──────── Material for the task ────────
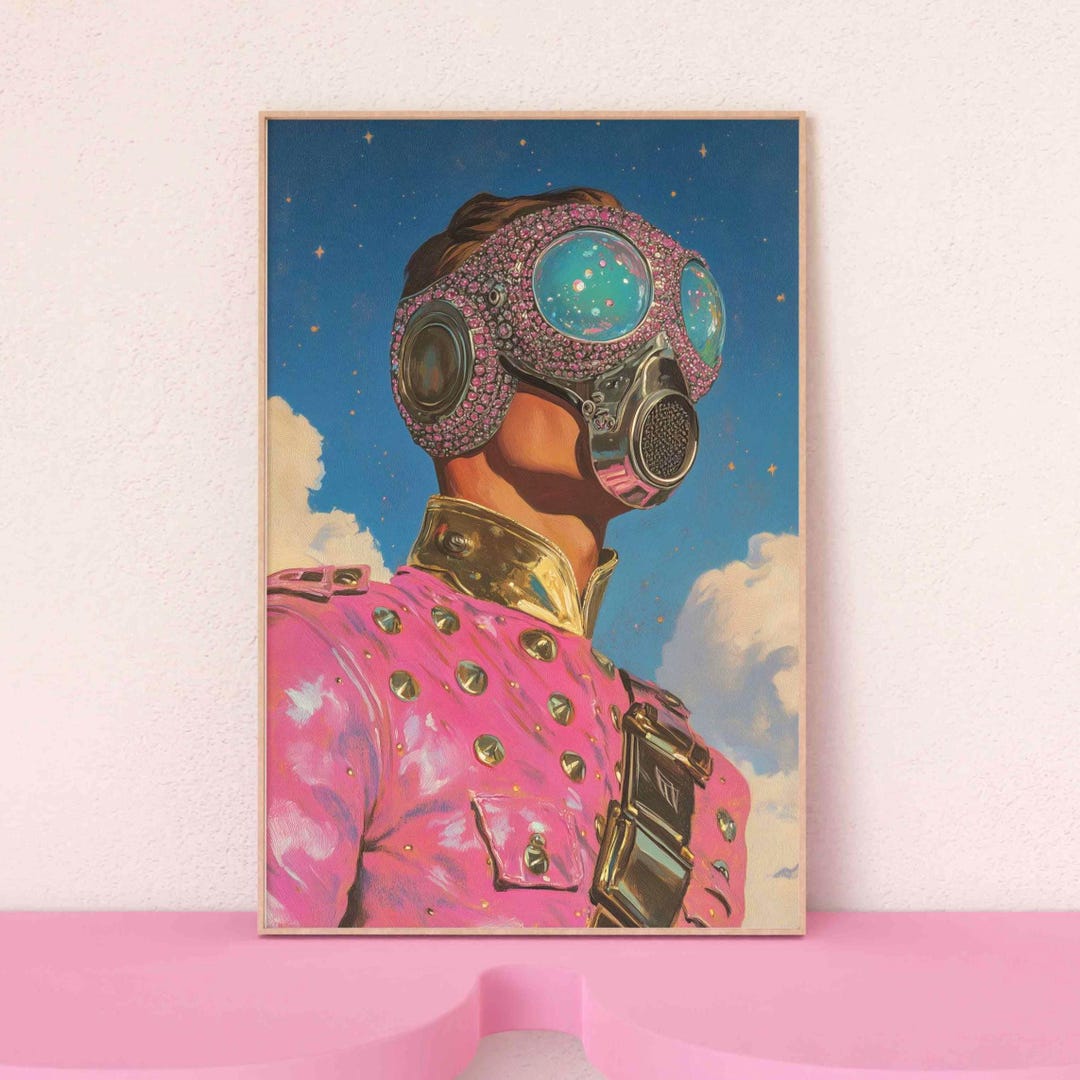 Retro Futuristic Wall Art –studded Space Helmet Print, Bold Pop Art ...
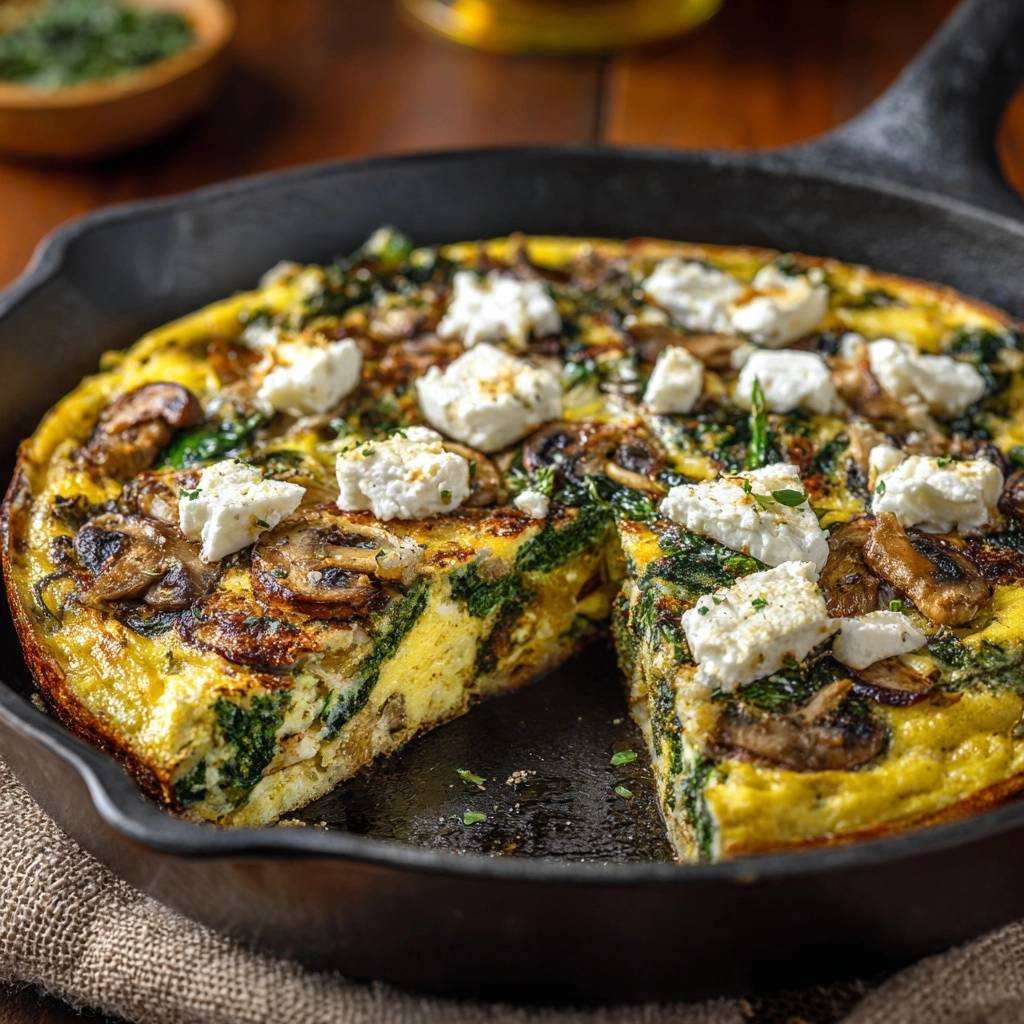 Herzhafte Pilz-Spinat-Frittata angeschnitten im gusseisernen Pfannenschmidt mit zerbröckeltem Ziegenkäse garniert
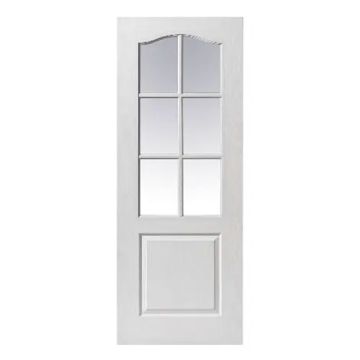 JB Kind White Primed Grained Classique 6 Light Clear Glazed Internal Door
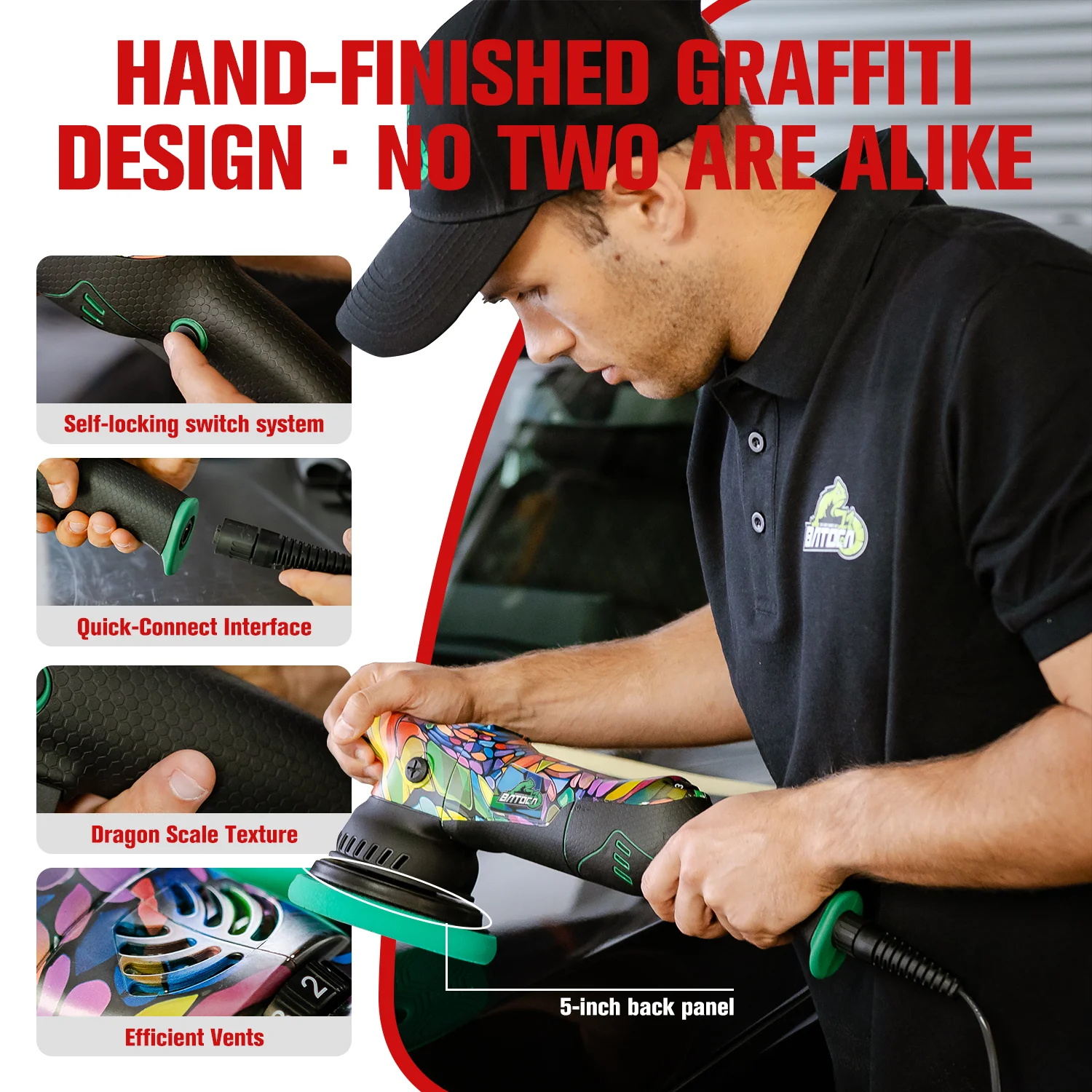 BATOCA P1 Professional DA Car Polisher 1000W 15mm Orbit 100% Unique Hand-Painted Graffiti Buffer Detachable 5M Cable Detailer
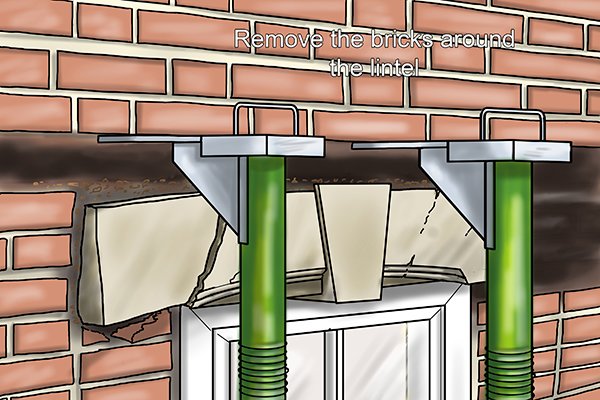 replacing lintel step 4 - remove bricks around lintel to be replaced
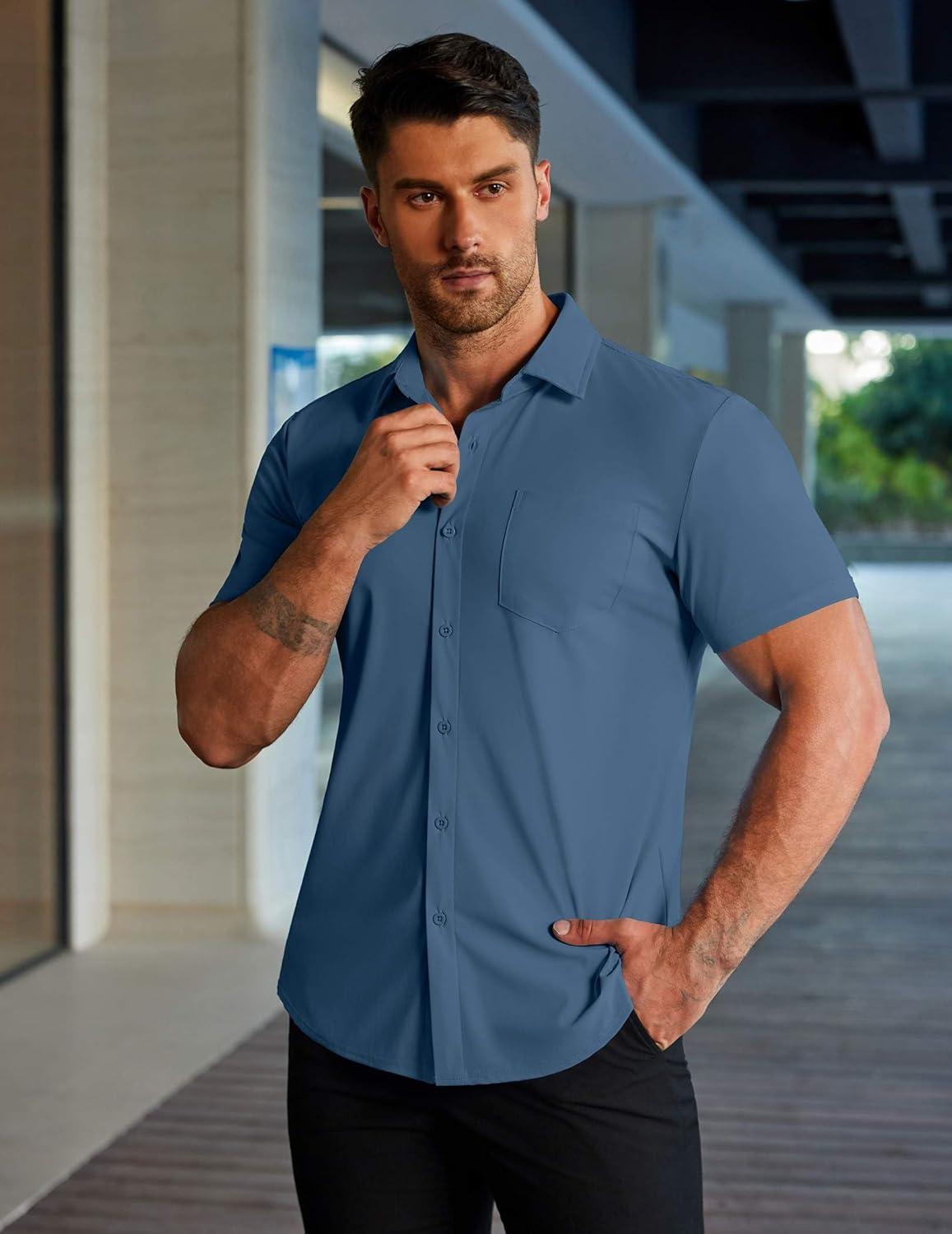 imageCOOFANDY Mens Muscle Fit Dress Shirts Stretch WrinkleFree Short Sleeve Casual Button Down ShirtsDark Blue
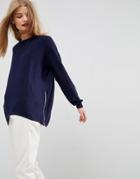 Asos Sweater In Cashmere With Zip Sides - Navy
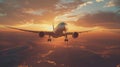 The airplane at sunset.AI generated image Royalty Free Stock Photo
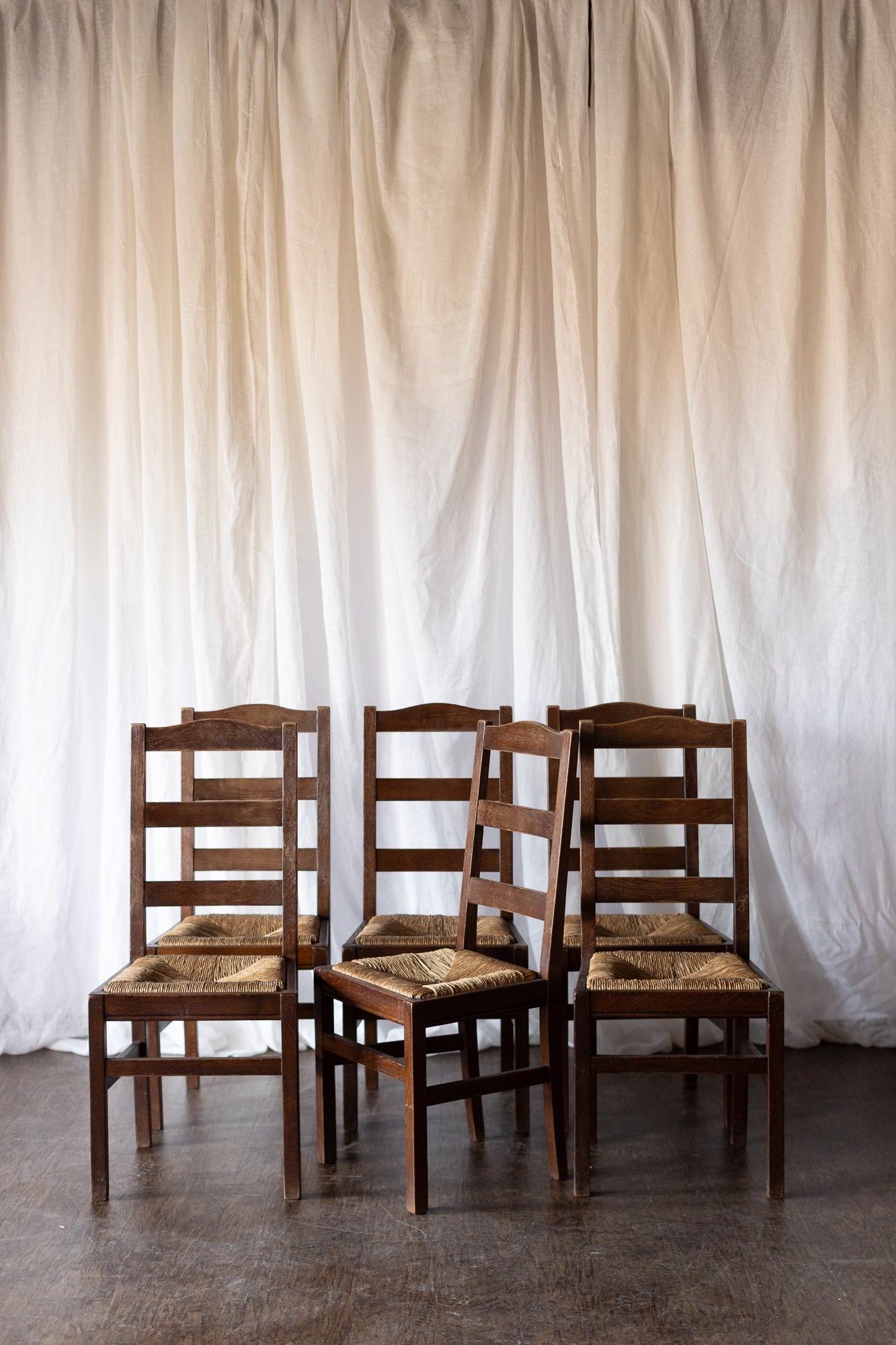 Set of Six Rush Chairs - Medium Wood Tone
────────
Assignment
Reproduce only the lines from the line that holds "Asos Sweater In" through the end of the records, exactly as they stand, both ends included and pictures excluded.

Result of the task
 Asos Sweater In Cashmere With Zip Sides - Navy
 The airplane at sunset.AI generated image Royalty Free Stock Photo
 Set of Six Rush Chairs - Medium Wood Tone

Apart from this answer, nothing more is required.